** Opening Data records block **

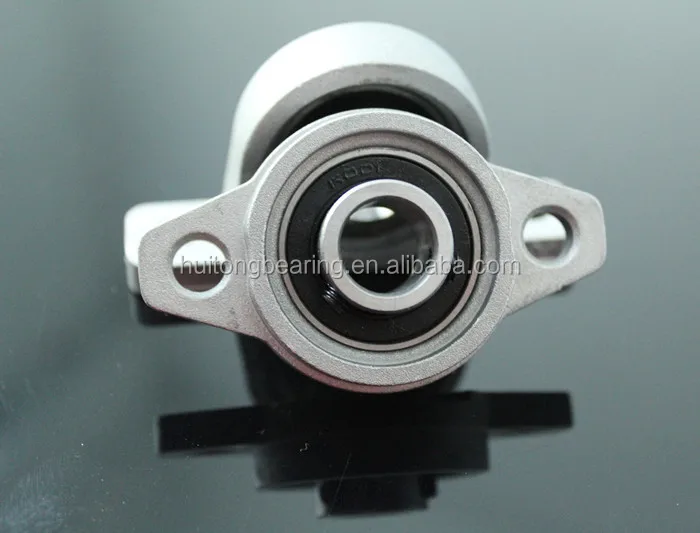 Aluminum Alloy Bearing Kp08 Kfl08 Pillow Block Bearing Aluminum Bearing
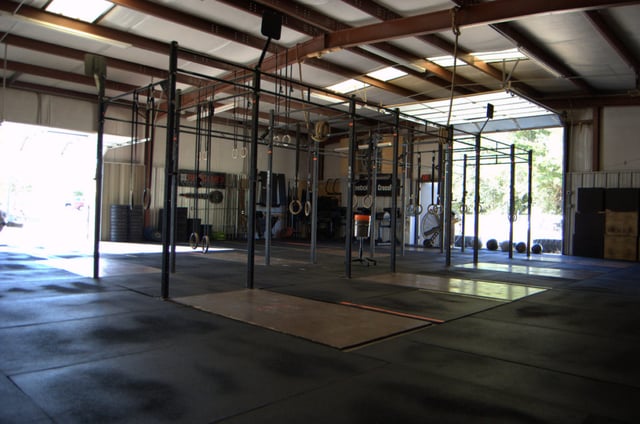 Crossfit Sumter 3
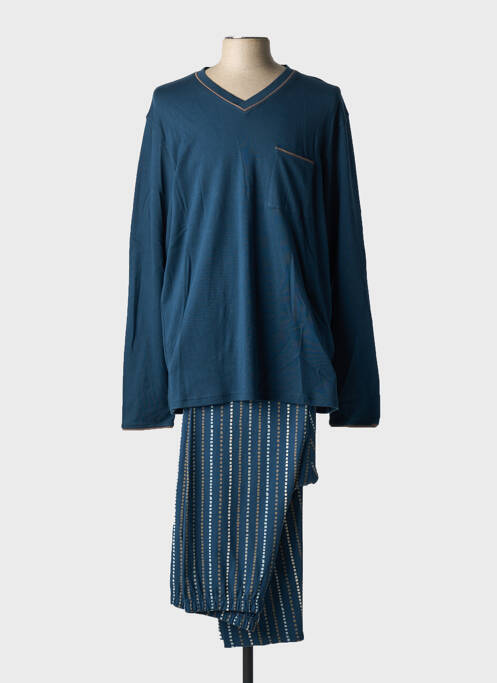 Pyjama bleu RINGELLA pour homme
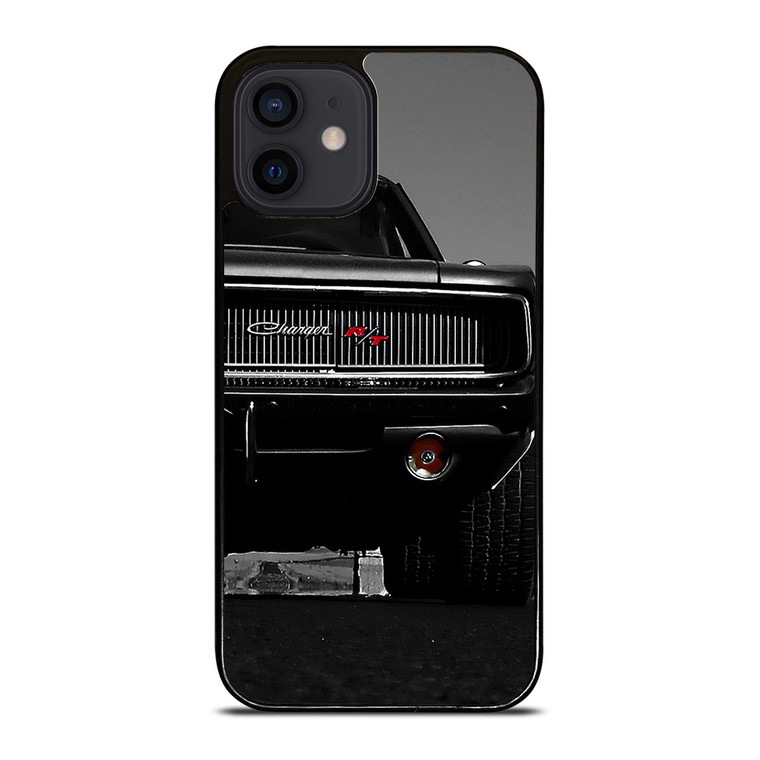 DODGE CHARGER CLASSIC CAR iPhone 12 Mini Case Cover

** Closing Data records block **
** Opening Data records block **

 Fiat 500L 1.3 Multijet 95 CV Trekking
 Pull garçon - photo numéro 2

** Closing Data records block **
** Opening Data records block **

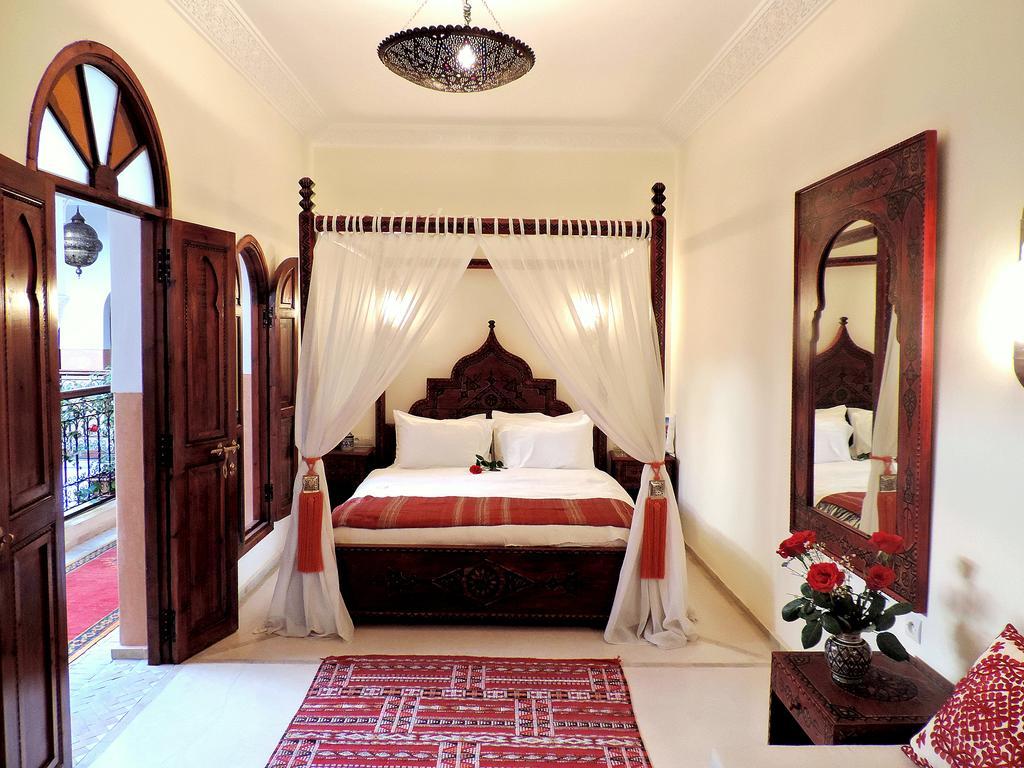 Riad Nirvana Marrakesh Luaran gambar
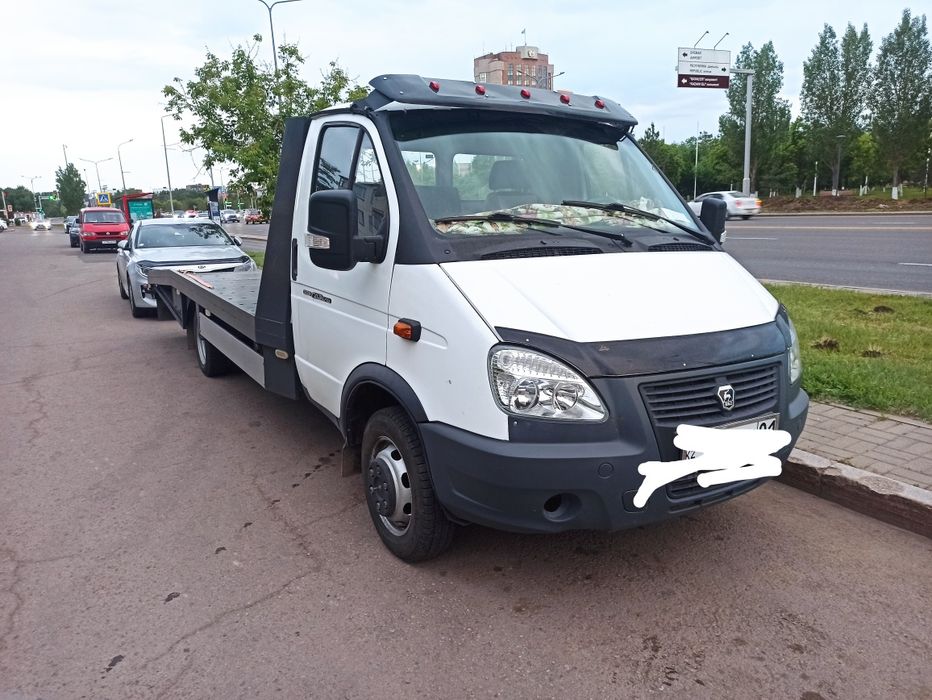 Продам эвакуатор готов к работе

** Closing Data records block **

[Exercise directions] Copy everything above from the line holding "Aluminum Alloy Bearing" down to the line holding "DODGE CHARGER CLASSIC", both ends included, exactly as it stands and without the pictures.

[Task answer]
 Aluminum Alloy Bearing Kp08 Kfl08 Pillow Block Bearing Aluminum Bearing
 Crossfit Sumter 3
 Pyjama bleu RINGELLA pour homme
 DODGE CHARGER CLASSIC CAR iPhone 12 Mini Case Cover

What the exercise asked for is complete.